CA Colmar, 3e ch. civ. A, 13 mai 2019, n° 18-00389

COLMAR

Arrêt

Infirmation

PARTIES

Demandeur :

Afibel (Sa)

COMPOSITION DE LA JURIDICTION

Président :

Mme Martino

Conseillers :

Mmes Fabreguettes, Arnold

TI Saverne, du 8 déc. 2017

8 décembre 2017

FAITS, PROCEDURE ET PRETENTIONS DES PARTIES

Faisant valoir qu'elle a été destinataire d'un courrier du 4 octobre 2016 émanant de la SA Afibel, l'informant de ce qu'il lui avait été attribué un numéro gagnant 264992 après tirage au sort par huissier de justice dans le cadre d'une loterie intitulée " Grand tirage du Numéro Gagnant doté de 10 000 € ", Mme Alphonsine H. a, le 17 janvier 2017 , fait citer la SA Afibel devant le tribunal d'instance de Saverne aux fins de la voir condamner à lui payer la somme de 10 000 € avec intérêts au taux légal à compter du jugement et la somme de 1 200 € par application de l'article 37 de la loi du 10 juillet 1991.

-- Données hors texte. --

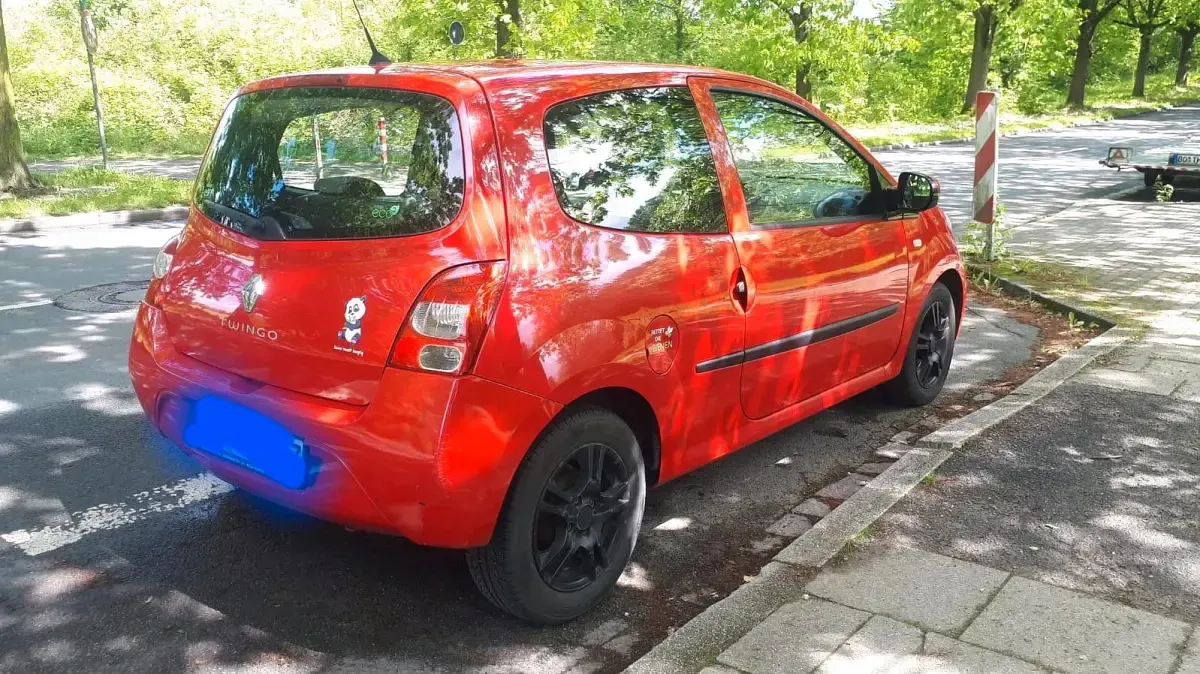 Gebraucht Renault Twingo 58 PS (42 kW) 2011 Rot Kleinwagen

La SA Afibel a conclu au rejet des demandes et a sollicité paiement d'une somme de 2 000 € au titre des frais de procédure. Elle a fait valoir qu'il appartenait au client de vérifier que le numéro personnel qui lui était attribué correspondait bien au numéro gagnant.

Par jugement du 8 décembre 2017, le tribunal d'instance de Saverne a :

- déclaré la demande recevable,

- condamné la SA Afibel à payer à Mme Alphonsine H. la somme de 10 000 € avec intérêts légaux à compter du jugement,

- condamné la SA Afibel aux entiers dépens de l'instance,

- condamné la SA Afibel à payer à Mme Alphonsine H. à la somme de 1 200 € en application de l'article 700 du Code de procédure civile, le conseil de Mme Alphonsine H. pouvant faire application de l'article 37 de la loi n° 91-647 du 10 juillet 1991 relative à l'aide juridique,

- rejeté la demande de la SA Afibel sur le fondement de l'article 700 du Code de procédure civile,

- ordonné l'exécution provisoire du jugement.

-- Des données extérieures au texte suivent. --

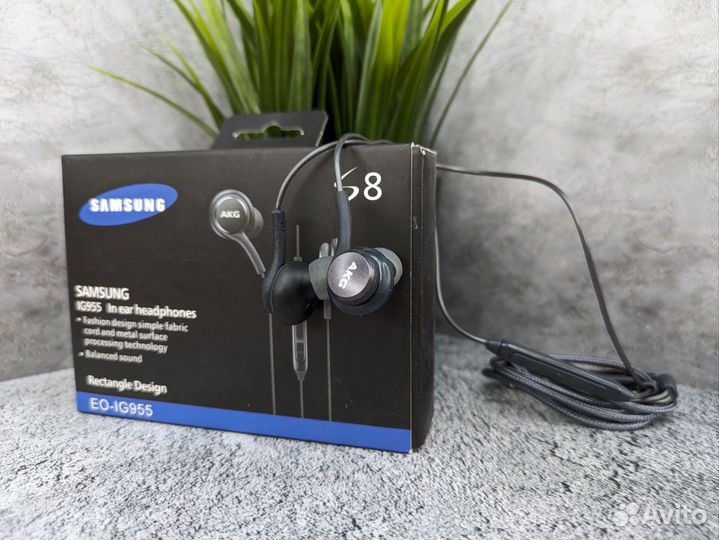 Наушники Samsung проводные вакуумные с микрофоном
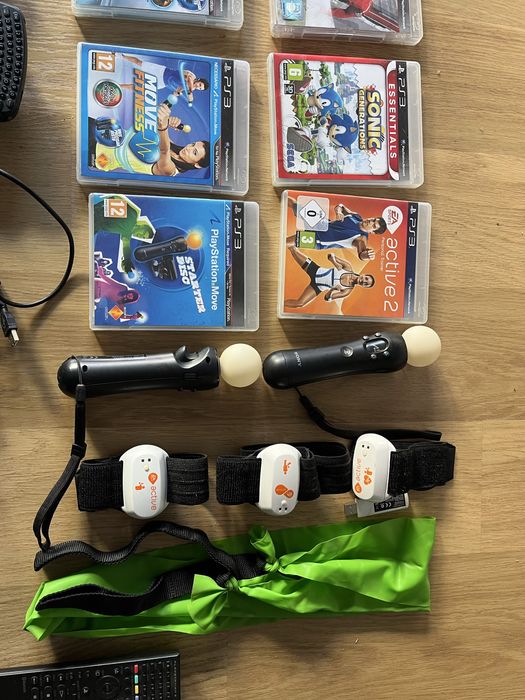 PS3 Excelente Estado c/ 2 comandos + Move Fitness, SingStar e Jogos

La SA Afibel a interjeté appel de cette décision le 26 janvier 2018.

Par écritures du 27 novembre 2018, elle conclut à l'infirmation du jugement entrepris en toutes ses dispositions et demande la cour de :

- débouter Mme Alphonsine H. et de l'intégralité de ses fins, moyens et prétentions,

- condamner Mme Alphonsine H. à lui payer la somme de 2 000 € par application des dispositions de l'article 700 du Code de procédure civile,

- condamner Mme Alphonsine H. aux entiers frais et dépens de première instance et d'appel.

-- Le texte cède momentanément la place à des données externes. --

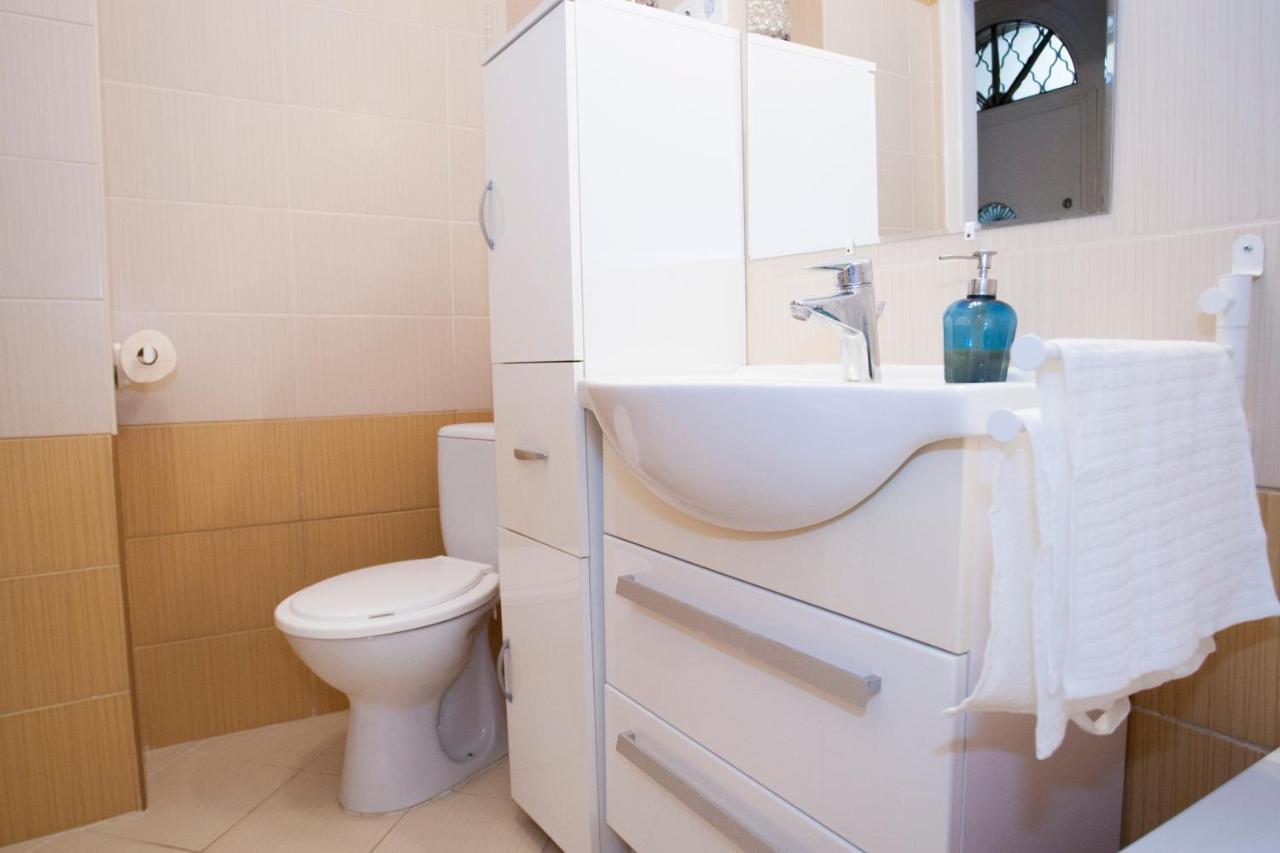 Christine-2 Bedrooms In The Downtown Budapest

Elle rappelle qu'elle est une société de vente à distance et organise régulièrement des opérations commerciales, notamment des opérations soumises à un tirage au sort à destination de ses clients ; que ces opérations sont licites au regard des dispositions du Code de la consommation, dès lors qu'elles ne sont pas déloyales ; qu'elle privilégie le pré tirage, afin de garantir la gratuité de l'opération, avant l'envoi des documents consommateur ; que le nom du grand gagnant pré tiré est conservé secret par l'huissier de justice jusqu'à la clôture de l'opération ; que ce n'est qu'à la clôture de l'opération que celui-ci révèle le nom du grand gagnant et vérifie qu'il a effectivement participé, pour valider son statut ; que ce n'est qu'à défaut de validation du statut par le grand gagnant qu'il est procédé à un post-tirage parmi tous les bons de participation retournés ; qu'il appartient consommateur qui prétend engager la responsabilité de l'organisateur au titre d'une loterie publicitaire, de démontrer qu'il a fait l'objet d'une annonce nominative et qu'un gain lui a été annoncé sans qu'il puisse percevoir de manière suffisante l'existence d'un aléa ; que l'appréciation de l'aléa doit se faire en considération de l'ensemble des documents publicitaires sans se limiter à une lecture rapide des seules mentions en gros caractères.

Elle fait valoir qu'aux termes de l'opération " grand tirage du numéro gagnant ", la cliente qui s'était vue attribuer le numéro gagnant 264992 n'était pas Mme Alphonsine H., mais Madame Pierrette T. ; que celle-ci n'ayant pas retourné son bon de participation, l'huissier a procédé à un post-tirage, de sorte que le prix a été attribué à une autre participante ; que Mme Alphonsine H., qui était titulaire du numéro 729510, ne peut en conséquence prétendre au paiement du grand prix dans la mesure où le sort ne l'a pas désignée.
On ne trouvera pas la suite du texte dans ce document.